Holden dealers in New Zealand were offered the equivalent of $2500 per car sold over a set period. Holden said dealers in New Zealand were offered more money because they were more profitable than their counterparts in Australia which, the company estimated, lost on average $600 per car last year.
In the end, General Motors did not increase its initial offer of $1500 per car, which was made 10 days after Detroit announced on 17 February 2020 the Holden brand would be retired by the end of this year.
Throughout the months of negotiation, the US car giant repeatedly stated its initial compensation package was “fair and reasonable”.
The deal amounted to a payment of between $100,000 for smaller dealers and in excess of $3 million for larger showrooms, in addition to extra payments for outlets that had recently upgraded their facilities.

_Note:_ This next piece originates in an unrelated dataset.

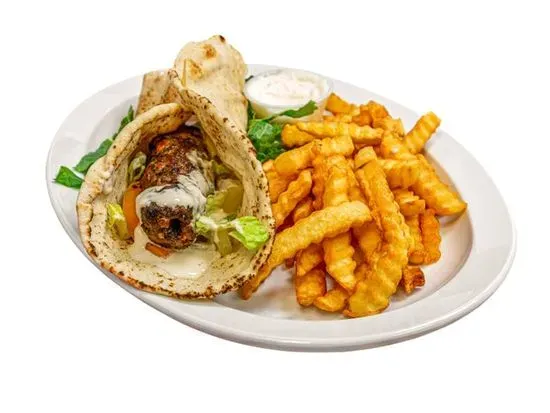 Kafta Kabab Wrap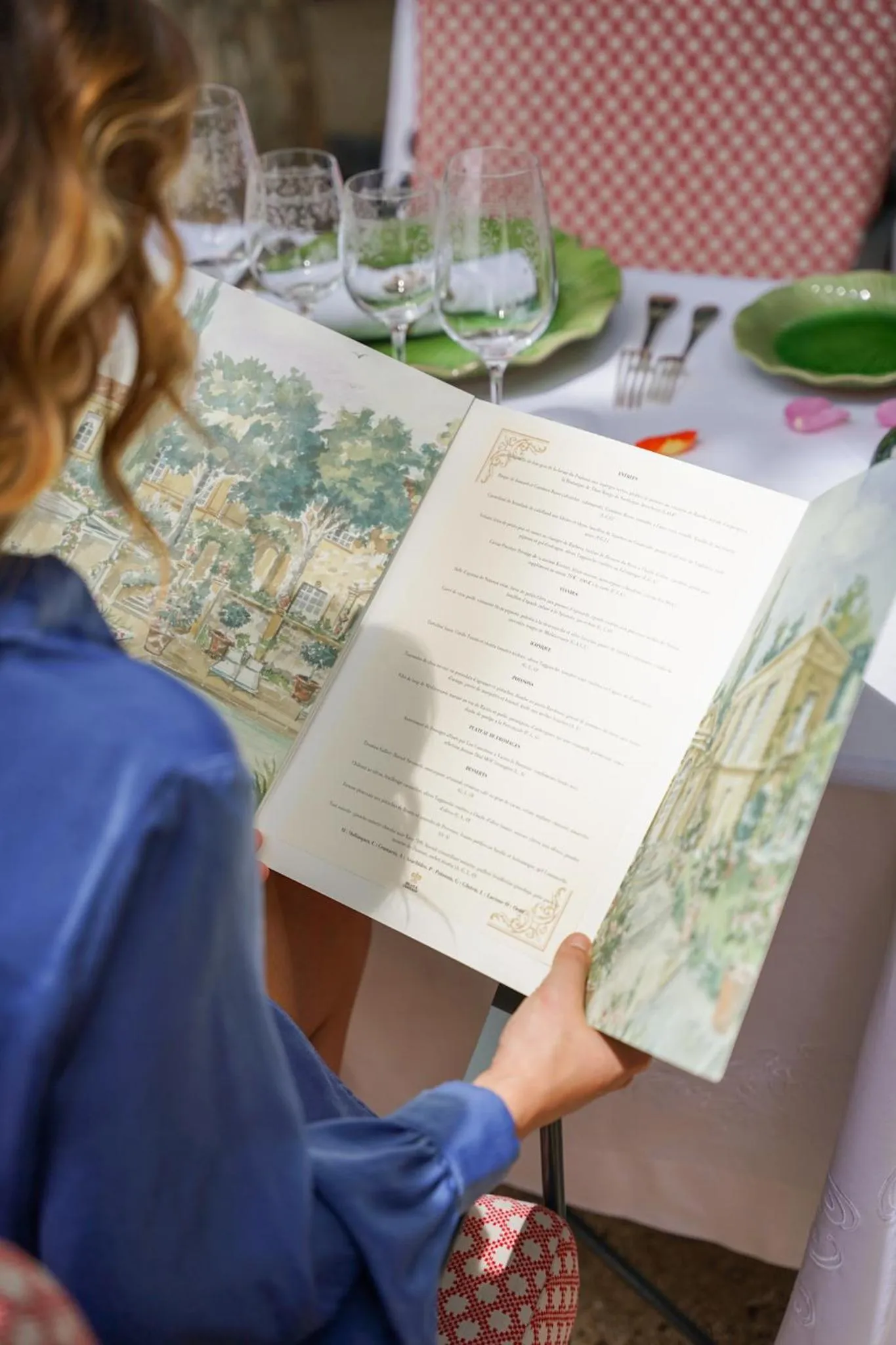 Restaurant/places to eat in Villa Gallici Hôtel & Spa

After intervention by the Australia Competition and Consumer Commission (ACCC), representatives for General Motors and Holden dealers were forced into two days of mediation, overseen by former High Court judge Mr Peter Jacobson QC. However, those discussions resulted in another stalemate.
The day before the deadline, General Motors issued a statement to dealers that said “there was some publicity over the weekend regarding a suggestion that GM Holden and the Australian Holden Dealer Council would seek to settle their current dispute via arbitration, and that the deadline for the acceptance of (compensation) would be extended beyond 30 June.”

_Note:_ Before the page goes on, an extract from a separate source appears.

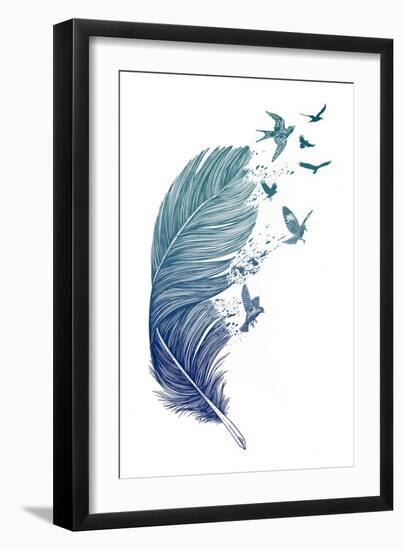 Fly Away-Rachel Caldwell-Framed Art Print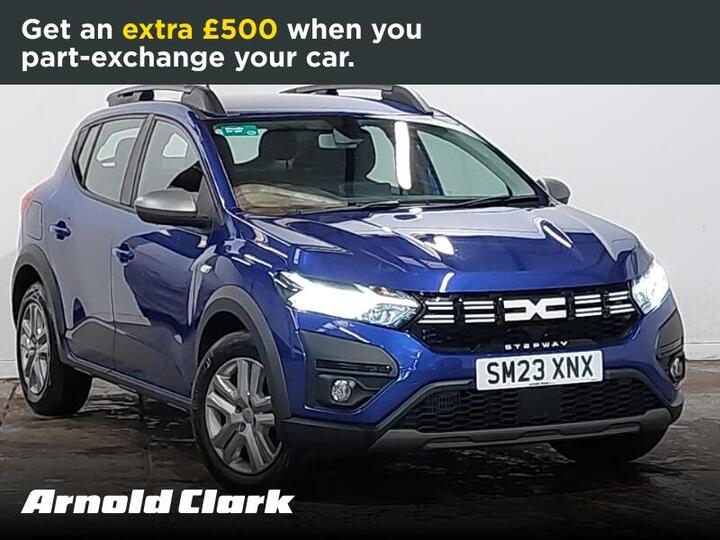 Dacia Sandero Stepway 1.0 TCe Expression Euro 6 (s/s) 5dr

However, General Motors said: “This is not the case. Arbitration was suggested by the Federal Government but GM Holden does not agree that an arbitration process would be appropriate or helpful. We have responded to the government accordingly. Dealers must now make a decision on whether you accept your (compensation package).”

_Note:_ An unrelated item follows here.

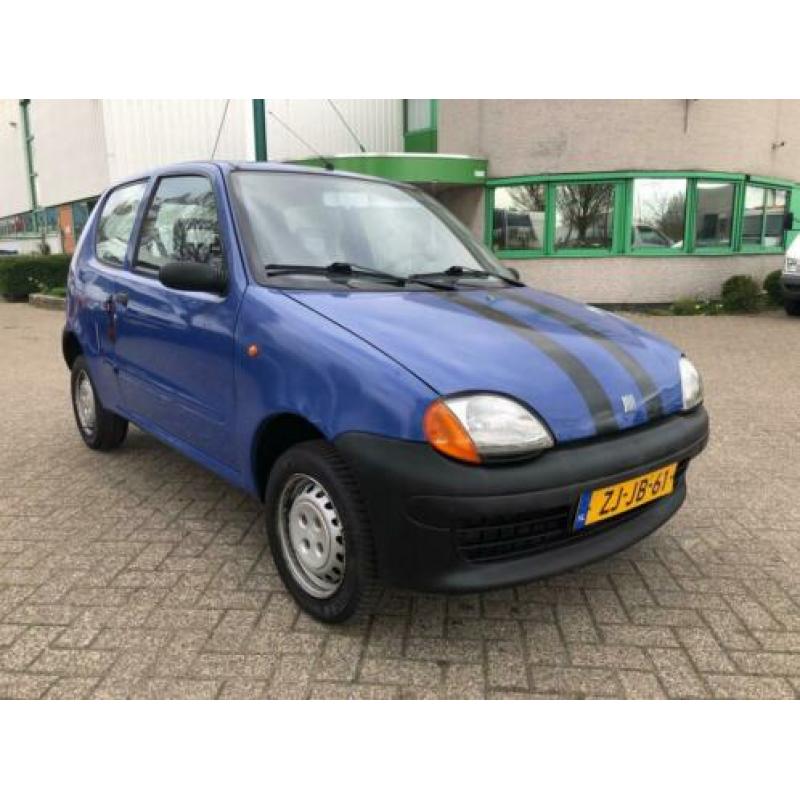 Fiat Seicento 900 ie Young APK TOT 03-2020 (bj 1999)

CarAdvice understands one dealer out of 185 had agreed to the compensation offer more than a week ahead of the deadline.
A statement from Australian Holden Dealer Council representative David Nicholson said “more than 120” dealers agreed to the compensation offer after “great reservation and reluctance”, and claimed the reminder who did not sign “will continue to take the fight to Detroit”.
Mr Nicholson said General Motors had “thumbed their nose at Canberra” by “refusing to negotiate in good faith, making a mockery of mediation and finally rejecting arbitration”.
The Holden dealer representative said “weak regulations, heavily favouring the multinational franchisor, have effectively allowed (General Motors) to walk away from their agreements leaving dealers with empty showrooms and millions (of dollars) in losses.”
“General Motors Holden’s exit sets a dangerous precedent,” said Mr Nicholson. “It’s time to make some changes, otherwise it might be your job or business next.”
The Australian Automotive Dealers Association (AADA) said General Motors "flat out refused" a Federal Government request to extend the deadline and to participate in arbitration.
“Over the past four months, 184 Holden Dealers have remained united in their opposition to the grossly inadequate offer of compensation from (General Motors)," said James Voortman, the CEO of the AADA which represents 3500 showrooms nationally across all brands.
“At every turn, (General Motors) has thumbed its nose at local dealers, the Australian Government, and by extension the Australian public, the same public which provided the company with more than $2 billion in taxpayer funded assistance,” said Mr Voortman.
“This has set a dangerous precedent and Australia urgently needs to strengthen its automotive franchising regulations to protect local businesses against the heavy-handed behaviour of some car manufacturers. If we do not act this will happen again.”
Mr Voortman said General Motors "had revenue of $USD200 billion in 2019, and the prospect of fighting them in court was just not an option for many of the dumped Holden dealers.”
The AADA said General Motors management “needs to front up to the Senate Inquiry and answer a range of questions, such as when they first knew that Holden would be withdrawn, why they mislead dealers and consumers about their commitment to Australia.”
Holden did not respond to media requests for comment on this story.
General Motors is now in the process of negotiating parts and service contracts across its dealer network, to support the remaining 1.6 million Holden cars on Australian roads.
The parts and service contracts are five-year agreements, however Holden says it will retain a presence in Australia for "at least" 10 years, with those contracts likely to be extended at a later date.